* [Work task]
In the listing below, the lines starting at the line with "Ailesinin yanında saldırıya" and ending at the line with "Vans x Marvel Sk8-hi" are to be output verbatim. Images stay out of the copy.

* [Supplied data]
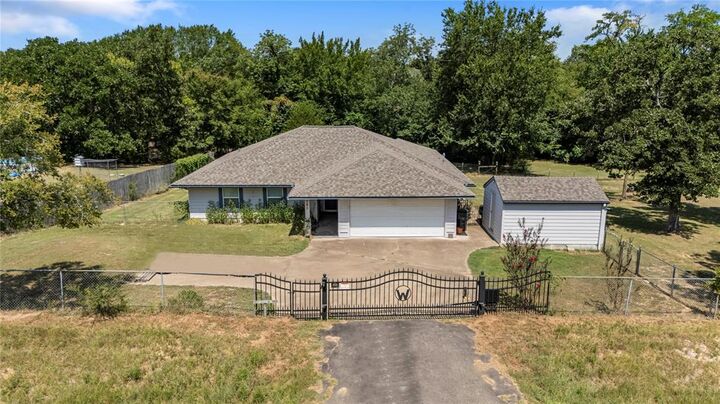 Property Photo:  780 S Fm 17  TX 75410 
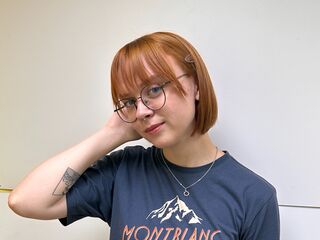 kinky video chat performer DarlineBeamer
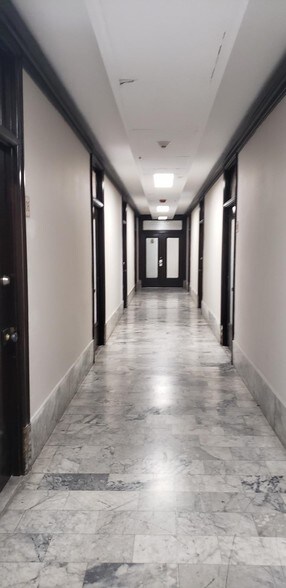 More Photos Of 700-704 S Spring St, Los Angeles Loft Creative Space For Lease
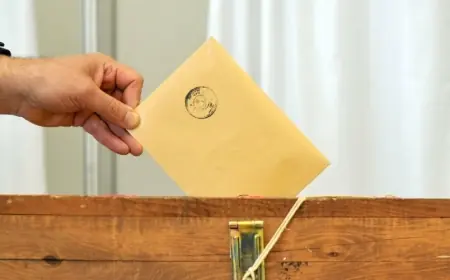 Kabine değişikliğini önceden tahmin eden OdaTV yazarı Elmasçı: Seçim 2027 sonbaharında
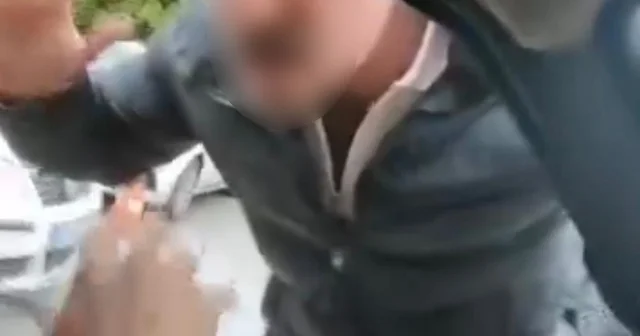 Ailesinin yanında saldırıya uğrayan sürücünün o anları kamerada İzmir Haberleri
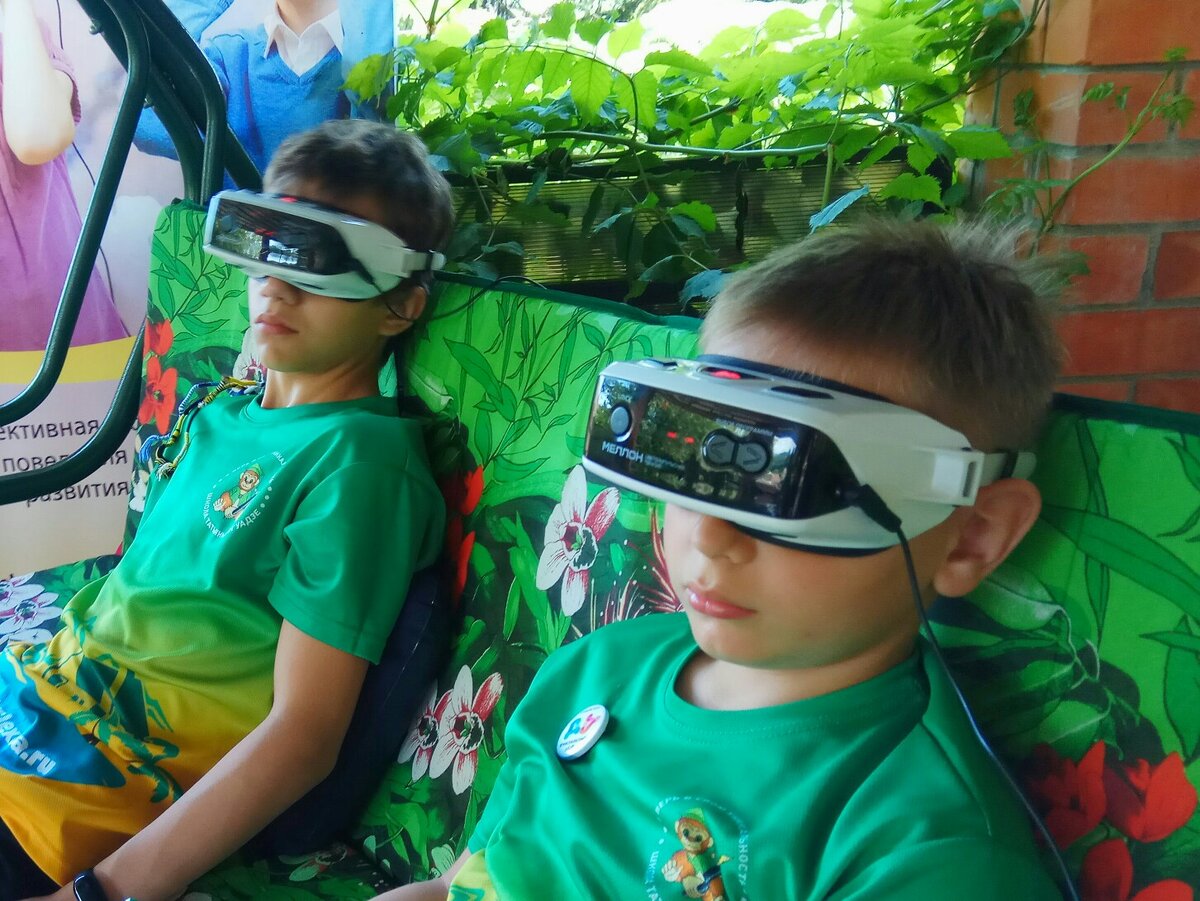 В школе для дислексиков всех возрастом уже с 2016 года активно используется  аппарат Меллон, который уже показал свою высокую эффективность в борьбе с детскими детрессиями и школьными проблемами! 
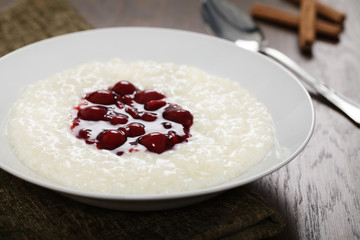 Milchreis mit Kirschen
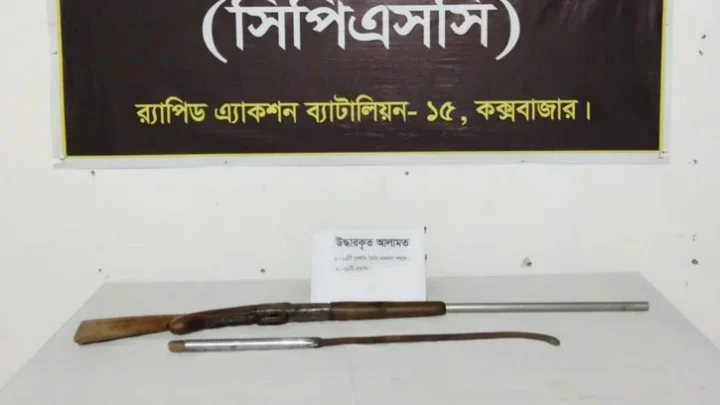 গোয়ালঘরের ময়লার স্তূপ থেকে অস্ত্র উদ্ধার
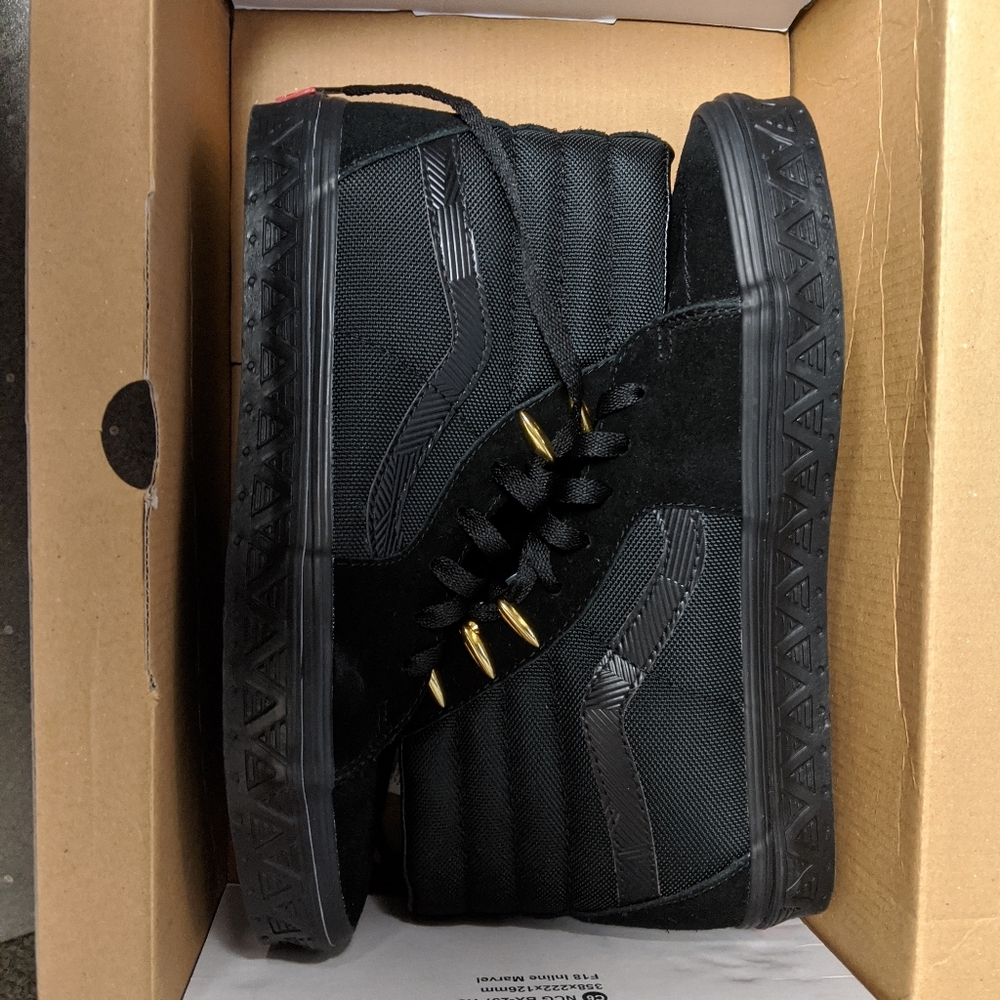 Vans x Marvel Sk8-hi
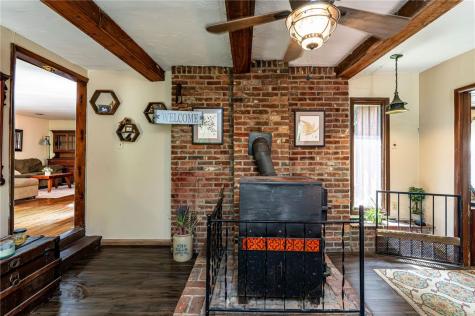 120 Fox Road Loyalhanna PA 15681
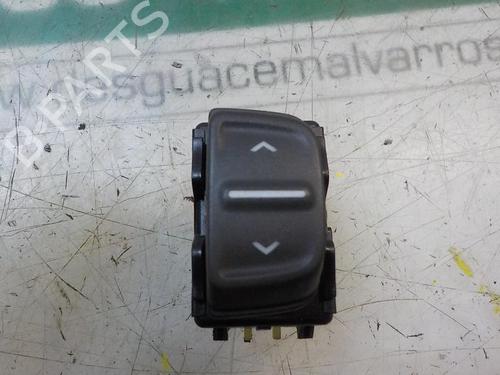 Used Right front window switch Right front window switch DACIA SANDERO II 1.2 (75 hp) 3870722 3870722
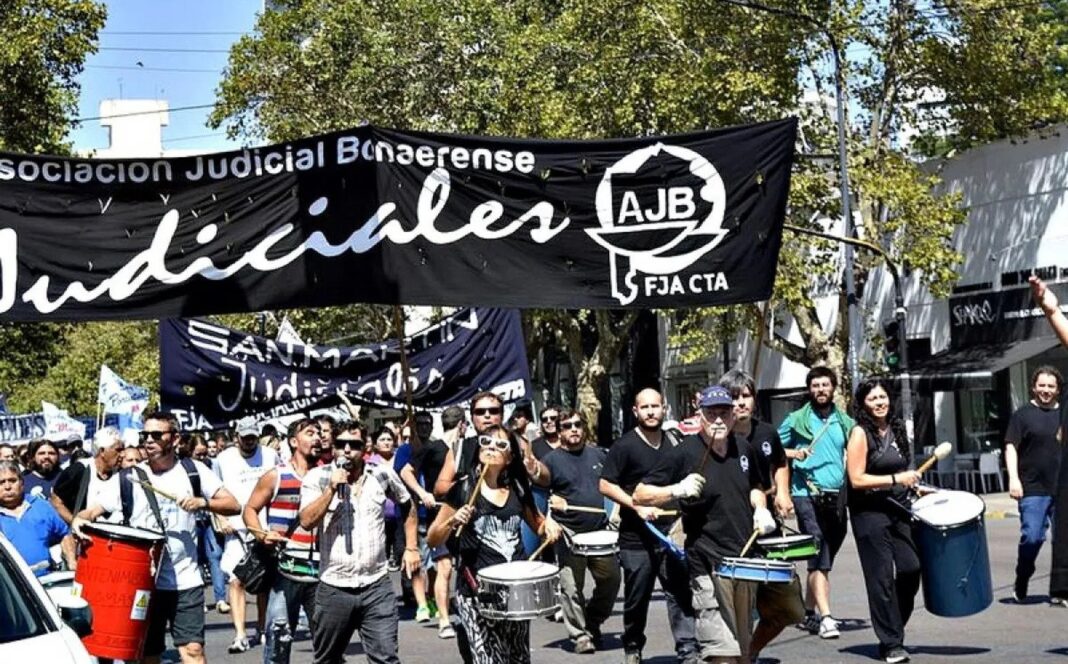 La Asociación Judicial Bonaerense (AJB) volvió a reclamarle a Axel Kicillof la reapertura de las paritarias para avanzar en una recomposición salarial.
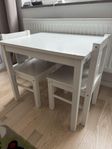 Bord och stolar till barnrum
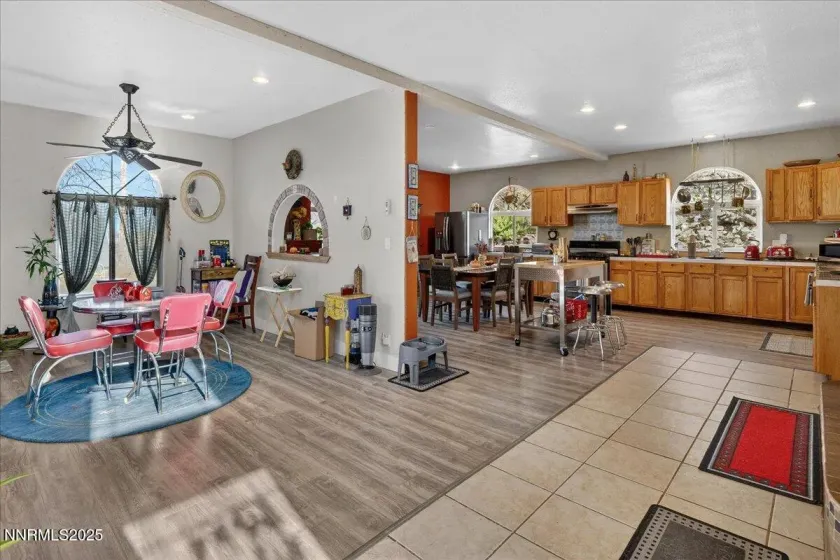 15290 Fawn, Reno, Nevada 89511, 3 Bedrooms Bedrooms, ,2 BathroomsBathrooms,Residential,Residential,Fawn,250058953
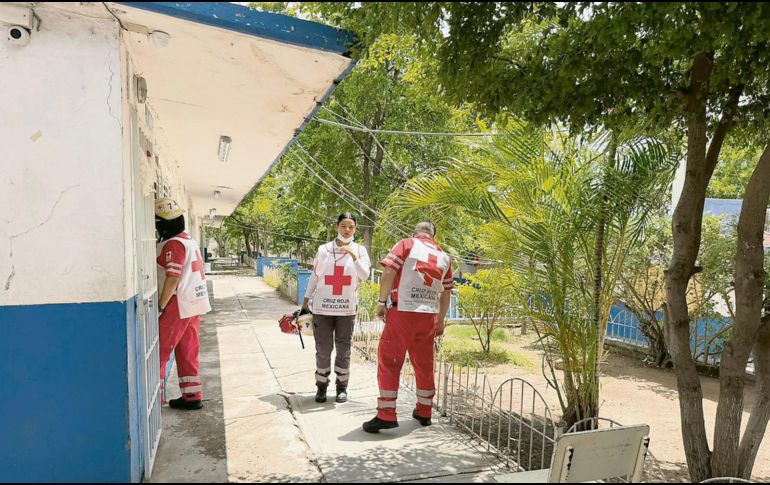 Personal de primeros auxilios atendió una emergencia en un plantel de Culiacán. ESPECIAL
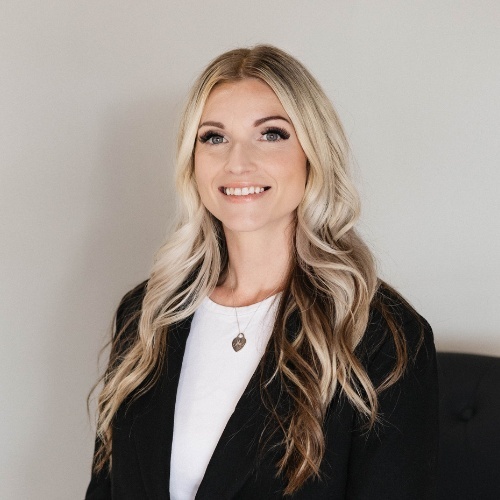 Cassie Thompson - Real Estate Agent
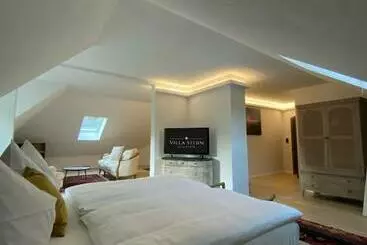 Aamiaismajoitus (B&B) Villa Stern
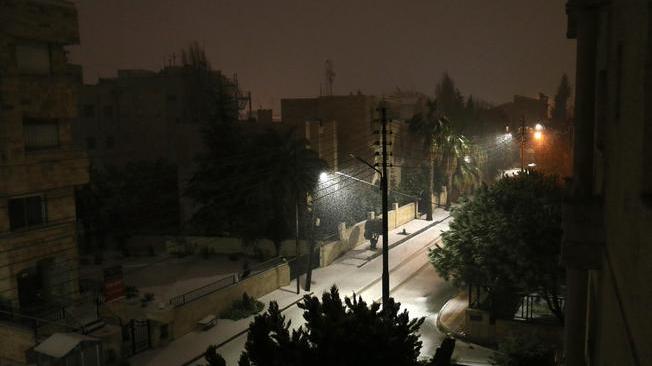 Giordania: Amman coperta dalla neve, traffico in tilt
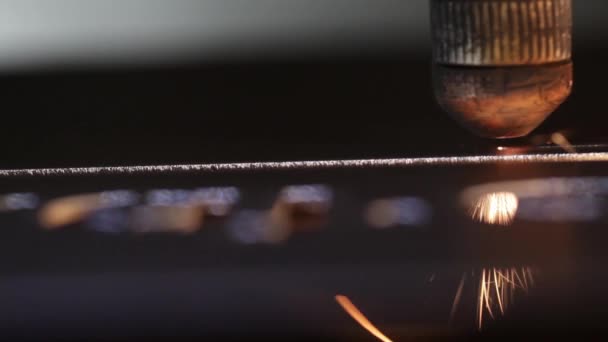 Primo Piano Della Macchina Taglio Laser Cnc Incisione Lamiera Acciaio — Video Stock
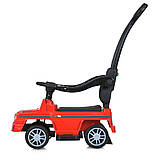 Дитяча каталка-толокар Mercedes M 5046L-3 з батьківською ручкою 2 в 1 Червоний, фото 2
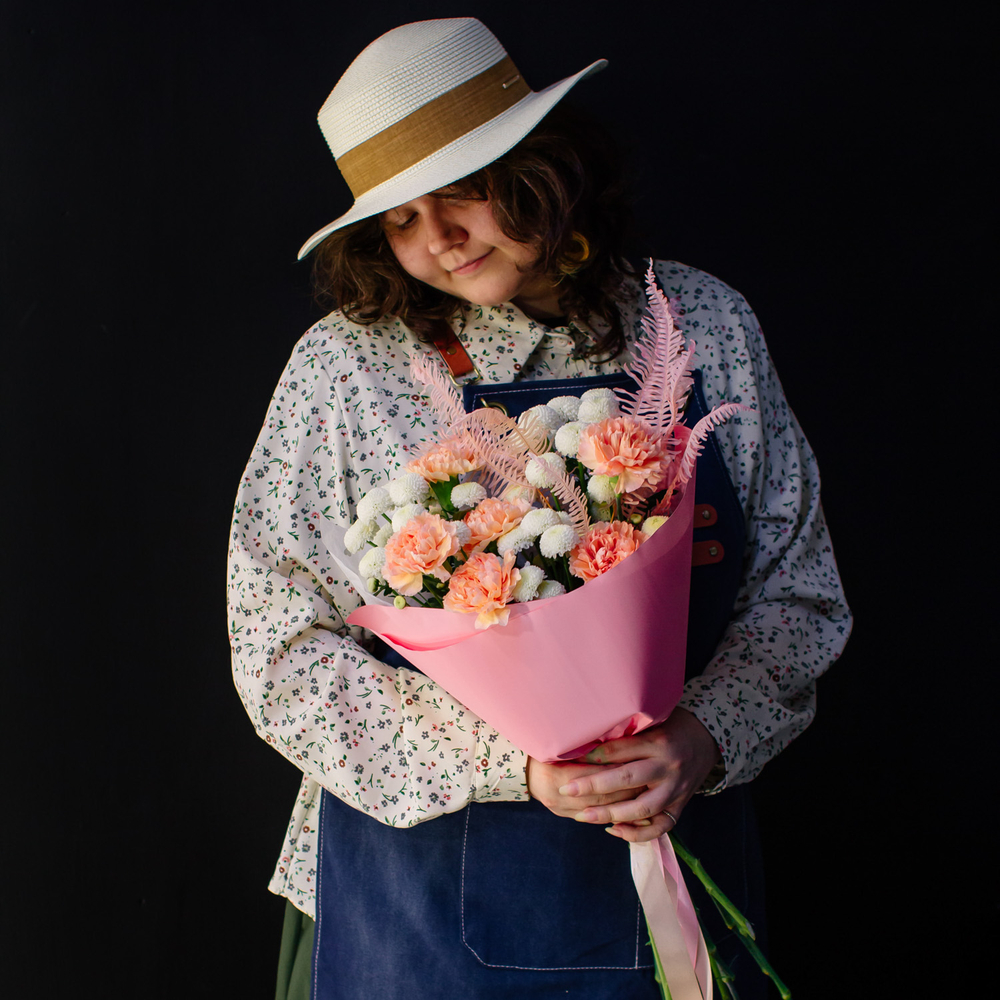 14. Стойкий букет с хризантемой и диантусами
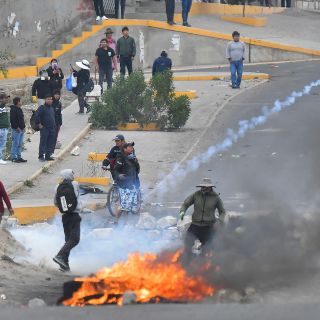 Miles de manifestantes antigubernamentales marchan nuevamente en Lima, Perú
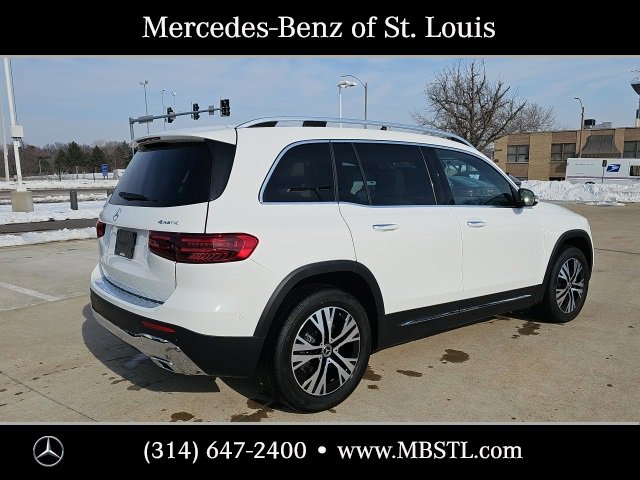 Used 2025 Mercedes-Benz GLB 250 4MATIC image 3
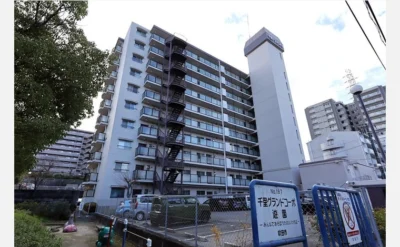 千里グランドコーポ 外観1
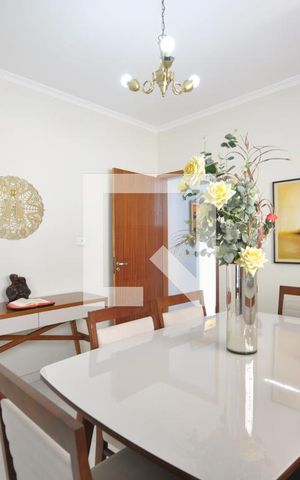 Casa à venda com 220m², 3 quartos e 4 vagasCopa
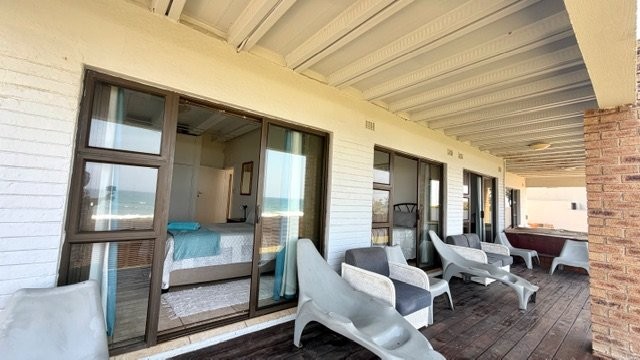 5 Bedroom Property for Sale in Uvongo KwaZulu-Natal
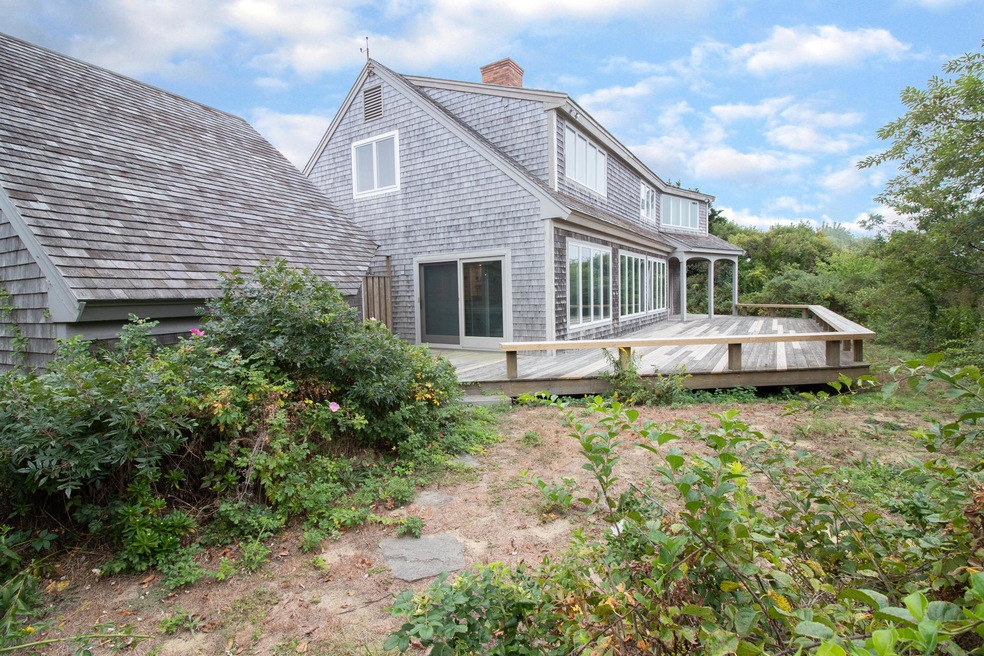 45 Bay Shore Rd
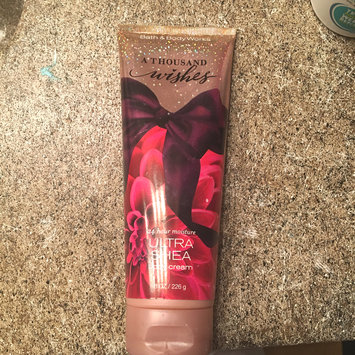 Photo of Signature Collection 24 Hour Moisture Ultra Shea Body Cream uploaded by Tashayla W.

* [Your solution]
 Ailesinin yanında saldırıya uğrayan sürücünün o anları kamerada İzmir Haberleri
 В школе для дислексиков всех возрастом уже с 2016 года активно используется  аппарат Меллон, который уже показал свою высокую эффективность в борьбе с детскими детрессиями и школьными проблемами! 
 Milchreis mit Kirschen
 গোয়ালঘরের ময়লার স্তূপ থেকে অস্ত্র উদ্ধার
 Vans x Marvel Sk8-hi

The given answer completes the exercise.